Very quickly, however, I learned that all was not as simple as first appeared. Most Ontario beer bottles now come with the “twist off cap”. The neck of these bottles is made of thinner glass that will not support the downward pressure when crimping caps. To this challenge, three solutions were considered. Green plastic bottles with twist off caps were available at the brewers’ supply outlet. Beer in plastic bottles? Yuck! Brown glass bottles could also be purchased but my Scottish blood could not fathom this expense. Hence, I staked out the Brewers’ Retail and intercepted two cases of Miller’s High Life bottles being returned for deposit.
My first attempt at filling bottles proved quite messy. I was using a plastic syphon hose and pinching off the flow when the bottle filled. Spillage and drips were everywhere. The five dollar purchase of a 3/8 inch bottle filler eliminated the mess. This device allows a perfect fill every time without spillage.
While the caps and capper to seal the bottles are relatively inexpensive, I quickly found that I did not have the temperament needed for an assembly line. Filling and capping fifty bottles proved a difficult challenge for my concentration span.

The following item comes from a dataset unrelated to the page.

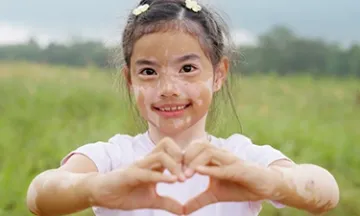 Is Vitiligo Hereditary?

Perhaps the greatest disincentive to bottling stemmed from the carbonation process. In order to carbonate the bottled beer, a small amount of corn sugar must be added to each bottle before capping. This sugar reacts with residual yeast cells to produce the needed carbonization but also produces a small amount of residue as part of the chemical reaction. This residue accumulates in the bottom of the bottle. While the residue is harmless, if not careful when pouring, it will cloud the appearance of your beer when presented in a glass.
Not surprisingly, it wasn’t long before the option of kegging my beer was considered.
Hours were spent developing an understanding of kegerator design and the mechanics of the Cornelius kegging systems. YouTube proved an invaluable resource in this endeavour. Over time, the needed parts and equipment were acquired from various auction houses. My kegerator is made from an old refrigerator that offers sufficient space to house a 20 lb. CO2 cylinder and two “Corny Kegs”. I have mounted two taps and a drip tray on the door. This has proven an amazing storage and dispensing system, but one that dictates the investment of considerable time and possible expense.
Patience are an asset when kegging. While the carbonation of the beer can be “forced”; much better to crank up the pressure to 30 lbs. and leave it a few days. Your waiting a few days to savour the new brew will be rewarded by an eventual glass of sparkling, clear liquid.
Now the only thing I need is a couple of growlers. This will get the boys off my back at our next poker game as they have now visited my home and sampled the delights that flow from my basement treasure chest.